Yams and lambs

17 October 2024

For as long as he can remember, fifth generation South Canterbury farmer Alistair Boyce says yams grew untended in the family garden, but in 1991 he and his father tried growing a few commercially, a venture that quickly grew into a serious business that is now one of New Zealand’s largest producers.

“They just grew wild,” Alistair recalls. “They’d come out at Christmas for a roast and that sort of thing and Dad decided to put a row in the garden and they grew damn well. He took a few up to Turners and Growers in Timaru and they said if you can produce them, we’ll take everything you’ve got.”

Alistair reckons the yams on the Waimate farm were probably brought to New Zealand from South America by his seafaring great, great grandfather, a renowned grower and propagator of exotic plants, who bought the farm on 24 December 1883.

More than 140 years later, when Alistair came home to the farm to help his parents, it was yams that provided the diversification they needed.

“There wasn’t quite enough turnover to keep me here all the time, so we had to figure out a way to pay for the cost of having me at home. We grew quarter of an acre in the first year and that doubled, and doubled and doubled until 1996 we had seven acres and we were still digging with a fork and bucket.

“I said to Dad, ‘There’s got to be an easier way than this’, so we had our first harvester designed. It wasn’t flash but it did the job for four years and then we had another one built, and that’s when the packing shed was built. There was getting to be a bigger and bigger demand, and we needed to move on into the next phase.”

In the late 1990s the Boyces joined a yam breeding programme run by Crop and Food, as the Crown Research Institute was then known.

“They went round the known yam growers and asked them if they wanted to be involved in field trials for breeding because they had this stuff they’d brought out of South America and they didn’t have enough room to grow it all.

“I think they had about 20 different varieties here from memory, and we narrowed it down to three pretty quick.”

That was the beginning of Alistair’s lifelong fascination with breeding better yams and in 2007, from crossing two of those varieties, they gained a plant variety right (PVR) for their Southern Flame variety, with its very distinctive red tuber. It’s still the main variety they grow, along with a few of the original Market Red variety that grew for so long in their vege patch.

Now alongside their Southern Flame, the cherry-red Southern Ember (PVR006) is coming through, but Alistair is still running his breeding programme to find the perfect yam, both sweet and flavoursome as well as long-keeping and commercially viable.

Alistair is fascinated by the genetics of yams. As an octoploid, they have eight separate sets of DNA (genetic material), compared with the one set that human beings have.“I don’t fully understand what effects that has inside the plant, but it gives them a helluva big breeding potential.
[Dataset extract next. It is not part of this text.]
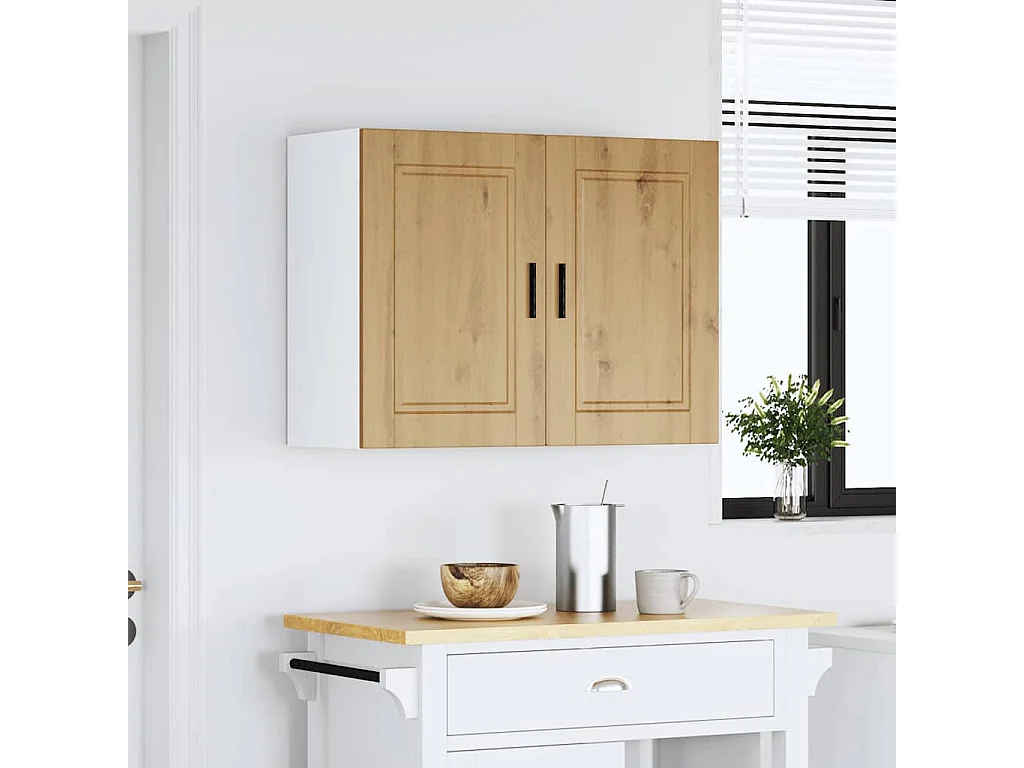 Mueble de pared de cocina Porto de roble fabricado artesanalmente en madera de ingeniería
From one cross you could have 20 different varieties.”

“We started off with 70 varieties and we’ve narrowed it down to about eight. We try a few rows of each and if they don’t pan out, we feed them to the sheep.”

As well as learning about the genetics of yams, Alistair has learnt how best to grow them on the family farm near Waimate, on the rolling landscape at the base of Hunter Hills. He and Sharon bought Woodlands Farm from his parents in 2007.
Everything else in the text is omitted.